Several supporting characters also served as love interests: “love triangle” doesn’t even begin to describe the kind of thing Peter Parker found himself in. Throughout the season, he made many attempts at getting closer to various girls, including Liz Allan, Betty Brant, and even the Black Cat. Popular love interest Mary Jane Watson was introduced at the end of the sixth episode and was eventually included in the opening credits. Having both MJ and Gwen Stacy in supporting roles makes Peter’s love life more of a journey with different possibilities (where other interpretations usually make Mary Jane the primary and obvious love interest).

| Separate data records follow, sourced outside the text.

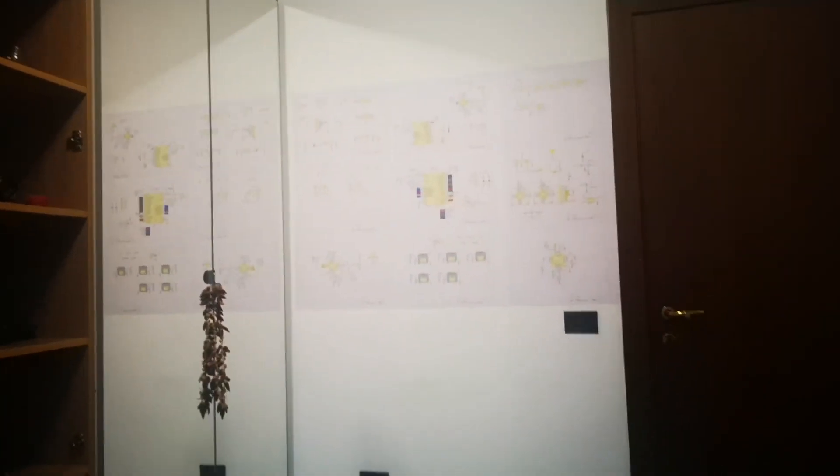I thought the problem was that I just needed more time, so I hung all of the drawings on the wall. Once I mostly understood the electrical drawings, I thought: let's buy the PCBs. I've got all the files, I don't know how to use them — let's just go to a PCB website.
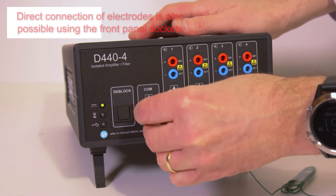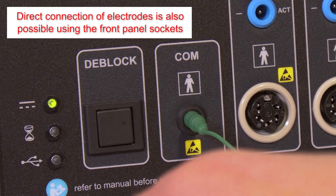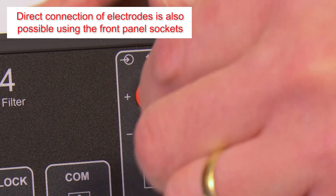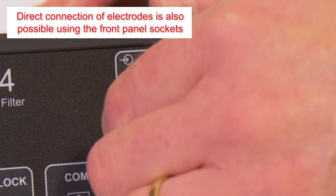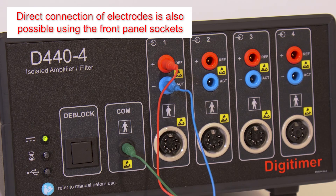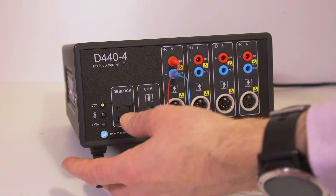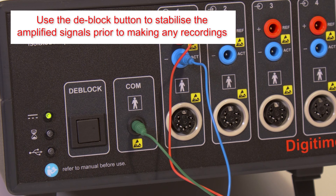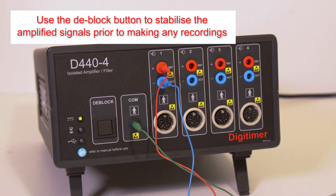It is also possible to connect electrodes directly to the 1.5 mm sockets on the front of the amplifier, although we recommend use of the shielded input leads provided with the amplifier. Once electrodes are connected between the amplifier and the subject, the D-block button may be used to stabilise the amplified signals before recording commences.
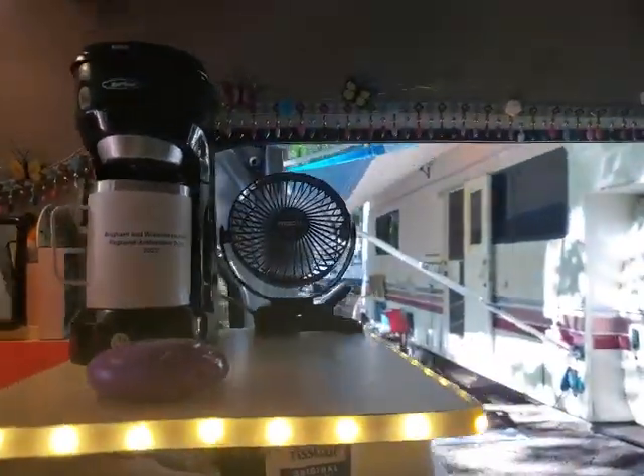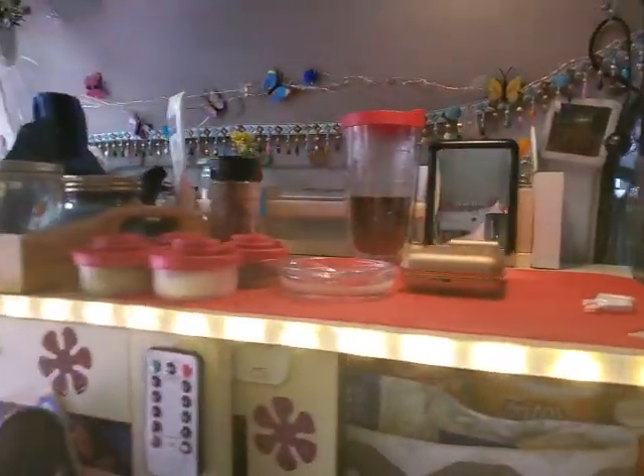The little switch is right by my door, right down here, so that when I get in and out I can just turn on the lights. Thank you so much, I love them.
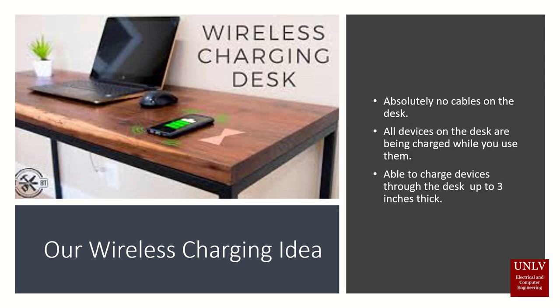Our wireless charger, on the other hand, would require absolutely no cables on the desk, giving the customer a workplace free of cables and freeing up that extra space. Our device would allow anyone at the table to use their device while being charged wirelessly from underneath the table.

By the season finale, Peter did make romantic progress with one girl in a moment that’s a little surprising and very natural.

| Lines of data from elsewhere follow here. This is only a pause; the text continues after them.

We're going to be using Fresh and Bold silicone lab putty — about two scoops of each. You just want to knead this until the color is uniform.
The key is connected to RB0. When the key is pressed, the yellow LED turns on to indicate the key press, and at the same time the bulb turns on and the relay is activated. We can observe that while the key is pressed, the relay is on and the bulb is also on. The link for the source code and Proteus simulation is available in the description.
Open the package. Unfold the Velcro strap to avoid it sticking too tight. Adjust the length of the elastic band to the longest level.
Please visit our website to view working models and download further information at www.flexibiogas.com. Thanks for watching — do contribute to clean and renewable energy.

Each episode always went deeper than the main fight with the bad guy. Homages to past Spider-Man writers and artists popped up here and there, and supporting characters from the Spider-Man comics that will become important later had cameos. Every episode is worth a re-watch to see what’s important or how things have progressed. The symbiote, for instance, which Spider-Man wears for a time, changes his costume in small ways. It’s not talked about, but it makes for a great visual to go along with the story. It’s interesting to note that the episodes are named after terms associated with evolution, economics, natural science, and psychology. The world of Spider-Man isn’t driven solely by super-powered beings. When you get right down to it, it’s about human behavior and how man, as a reasoning animal, relates to himself and his environment.
As good as season one was, there is still room for improvement. The show does a great job of building up plotlines and giving stories the time they need to develop, but this also makes it essential to watch the episodes in order. Also, juggling around a large cast means some plots and characters are going to be less interesting than others. The Glory/Kenny relationship was nice to watch, and it did have an impact on Harry, but it may not have been necessary. The cast is still growing, and that will inevitably mean shoving some other characters to the side. A little more focus on plots that directly involve Peter or Spider-Man would help to make the story less cluttered.

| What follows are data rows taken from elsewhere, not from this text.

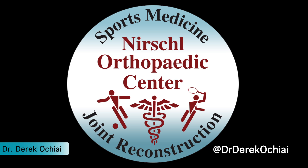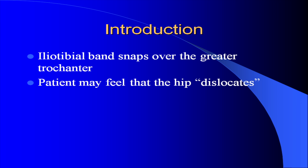External snapping hip is a condition where the iliotibial band snaps over the lateral aspect of the greater trochanter. A patient may state that he or she can feel their hip dislocating, but this is actually the tendon snapping back and forth over the greater trochanter.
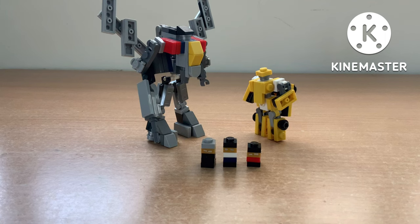Hello guys, Lego Workstation here. It's been a long time since I posted a video, so yeah, here's a video. Today I'll show you how to build a Lego Blitzwing and a Lego Bumblebee movie Bumblebee.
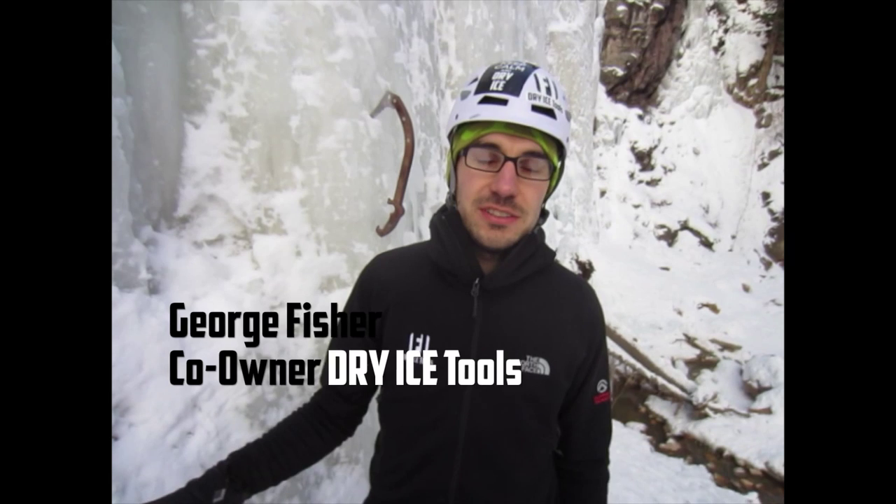Hi, I'm George Fisher with Furnace Industries. We're the makers of the Dry Ice Tools Indoor Ice Climbing Tool, and we're out in sunny Colorado testing our new outdoor tool, the Kronos.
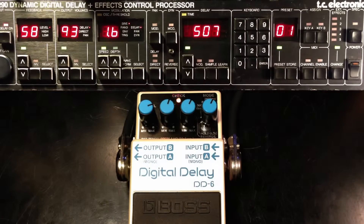This is a comparison of two delay units. We have the TC Electronic 2290 and we also have a Boss DD6. I'm playing on a Thunder Stratocaster into a Vox AC30. Here is the clean signal.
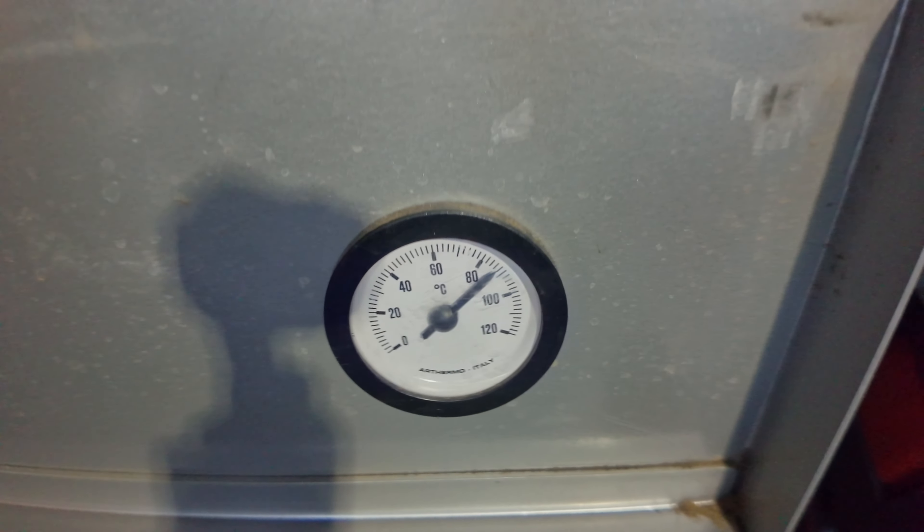Vorab ein paar harte Fakten: Die Leistung der verbauten Pumpen erzeugt jeweils 100 PSI, was 6,9 Bar entspricht. Die maximale Durchflussgeschwindigkeit ist mit 4,6 Litern pro Minute angegeben. Zur Praxis: Wir verbinden den Zulauf mit einer sauberen und bereits gespülten Wasserquelle. Wie immer gilt – kein Bohr- oder Brunnenwasser.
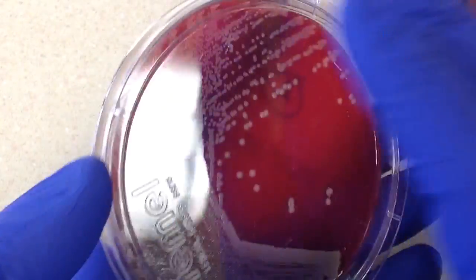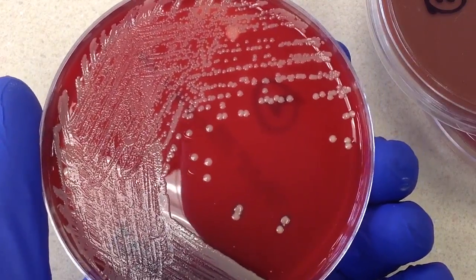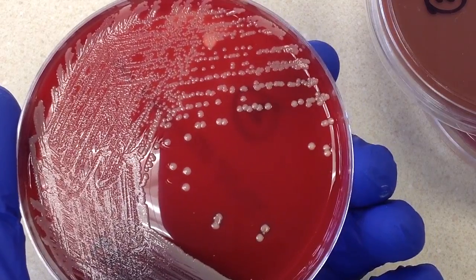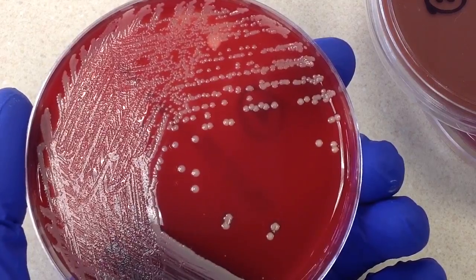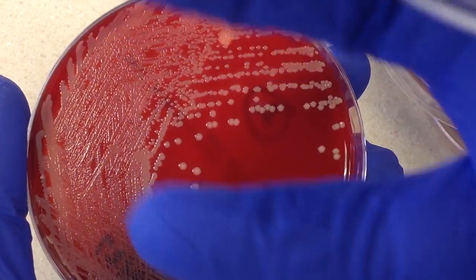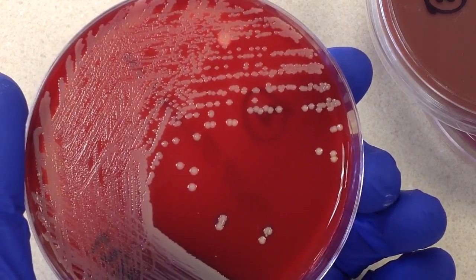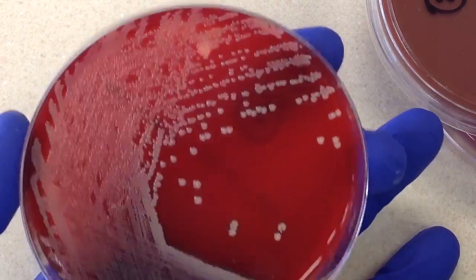Let's go ahead and first take a look at the sheep blood plate. Being that it's a superficial wound, it's possible that we could pick up some normal flora because the specimen was collected from the skin. On this particular culture, I'm not seeing any kind of normal flora. Sometimes normal flora can get overrun if you have one dominant organism, but I don't see anything on here.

But there’s plenty to enjoy. Although the flashback origin sequence borrowed heavily from the Spider-Man movies (and it’s painfully obvious in some moments), I thought it was a well-done episode that used a unique framing devise and gave us the essential back story of the Peter Parker we’ve been watching all season, finally showing what kind of an influence Uncle Ben had on him. I also greatly enjoyed the debut of the Sinister Six. When dealing with any group of characters, it’s easy to lose sight of their individuality, but in “Group Therapy”, the Sinister Six all had distinct motivations and personalities, and it was a lot of fun watching them play off one another
If season one is any indication, we’re in store for one of the greatest Spider-Man cartoons of all time. It hasn’t taken long at all for it to find a unique voice that fits well with the character of Spider-Man. There’s also a certain uniqueness to the simplicity of the character designs. Momentum builds with each episode, making Spider-Man’s world deeper and richer. I like to be more forgiving of most shows their first season if I think it’s struggling but the material has potential. With Spectacular Spider-Man, I don’t even need to worry about whether or not this series is going to be good. It’s done quite a lot in thirteen episodes. The show’s already taken off.